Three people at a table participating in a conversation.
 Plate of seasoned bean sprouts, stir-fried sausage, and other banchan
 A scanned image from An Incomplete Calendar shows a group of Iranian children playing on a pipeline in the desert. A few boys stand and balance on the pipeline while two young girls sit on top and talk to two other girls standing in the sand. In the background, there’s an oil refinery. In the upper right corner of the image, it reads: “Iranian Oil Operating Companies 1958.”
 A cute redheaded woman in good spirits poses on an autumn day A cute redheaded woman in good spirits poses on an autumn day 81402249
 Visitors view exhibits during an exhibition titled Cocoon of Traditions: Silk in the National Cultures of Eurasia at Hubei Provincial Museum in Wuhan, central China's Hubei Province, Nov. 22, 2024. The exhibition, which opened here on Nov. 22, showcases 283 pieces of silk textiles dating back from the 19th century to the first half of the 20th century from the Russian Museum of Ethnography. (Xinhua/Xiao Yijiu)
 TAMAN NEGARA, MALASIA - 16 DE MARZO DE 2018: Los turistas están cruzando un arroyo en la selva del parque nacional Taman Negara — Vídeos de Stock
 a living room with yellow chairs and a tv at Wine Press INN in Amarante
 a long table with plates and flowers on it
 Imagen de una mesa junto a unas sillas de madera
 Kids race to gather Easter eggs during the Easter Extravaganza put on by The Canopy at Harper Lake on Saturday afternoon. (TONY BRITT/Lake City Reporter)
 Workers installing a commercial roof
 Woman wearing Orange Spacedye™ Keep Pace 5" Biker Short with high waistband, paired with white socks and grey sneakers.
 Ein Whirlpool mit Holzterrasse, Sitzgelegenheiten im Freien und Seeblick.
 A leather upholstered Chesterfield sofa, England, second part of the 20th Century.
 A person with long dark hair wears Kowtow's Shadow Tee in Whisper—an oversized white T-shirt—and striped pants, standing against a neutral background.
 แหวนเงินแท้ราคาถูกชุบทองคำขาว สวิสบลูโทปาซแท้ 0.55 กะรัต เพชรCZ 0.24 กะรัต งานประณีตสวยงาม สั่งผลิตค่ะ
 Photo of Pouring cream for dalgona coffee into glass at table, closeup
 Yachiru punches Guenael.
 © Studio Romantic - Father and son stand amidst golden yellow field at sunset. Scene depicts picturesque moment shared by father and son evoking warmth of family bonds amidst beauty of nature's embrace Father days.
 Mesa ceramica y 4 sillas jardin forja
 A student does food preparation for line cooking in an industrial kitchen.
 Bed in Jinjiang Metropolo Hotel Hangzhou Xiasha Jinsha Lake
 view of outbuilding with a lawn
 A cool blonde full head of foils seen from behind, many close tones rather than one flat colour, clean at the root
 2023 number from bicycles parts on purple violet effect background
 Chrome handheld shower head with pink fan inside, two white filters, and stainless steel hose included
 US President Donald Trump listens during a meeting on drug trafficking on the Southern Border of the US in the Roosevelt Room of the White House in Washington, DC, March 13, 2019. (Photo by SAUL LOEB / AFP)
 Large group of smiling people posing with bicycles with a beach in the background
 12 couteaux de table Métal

TASK REQUIREMENTS: Up to and including the last line above, starting with the line that contains "Workers installing a commercial roof", return each line exactly and nothing else.

OUTPUT:
 Workers installing a commercial roof
 Woman wearing Orange Spacedye™ Keep Pace 5" Biker Short with high waistband, paired with white socks and grey sneakers.
 Ein Whirlpool mit Holzterrasse, Sitzgelegenheiten im Freien und Seeblick.
 A leather upholstered Chesterfield sofa, England, second part of the 20th Century.
 A person with long dark hair wears Kowtow's Shadow Tee in Whisper—an oversized white T-shirt—and striped pants, standing against a neutral background.
 แหวนเงินแท้ราคาถูกชุบทองคำขาว สวิสบลูโทปาซแท้ 0.55 กะรัต เพชรCZ 0.24 กะรัต งานประณีตสวยงาม สั่งผลิตค่ะ
 Photo of Pouring cream for dalgona coffee into glass at table, closeup
 Yachiru punches Guenael.
 © Studio Romantic - Father and son stand amidst golden yellow field at sunset. Scene depicts picturesque moment shared by father and son evoking warmth of family bonds amidst beauty of nature's embrace Father days.
 Mesa ceramica y 4 sillas jardin forja
 A student does food preparation for line cooking in an industrial kitchen.
 Bed in Jinjiang Metropolo Hotel Hangzhou Xiasha Jinsha Lake
 view of outbuilding with a lawn
 A cool blonde full head of foils seen from behind, many close tones rather than one flat colour, clean at the root
 2023 number from bicycles parts on purple violet effect background
 Chrome handheld shower head with pink fan inside, two white filters, and stainless steel hose included
 US President Donald Trump listens during a meeting on drug trafficking on the Southern Border of the US in the Roosevelt Room of the White House in Washington, DC, March 13, 2019. (Photo by SAUL LOEB / AFP)
 Large group of smiling people posing with bicycles with a beach in the background
 12 couteaux de table Métal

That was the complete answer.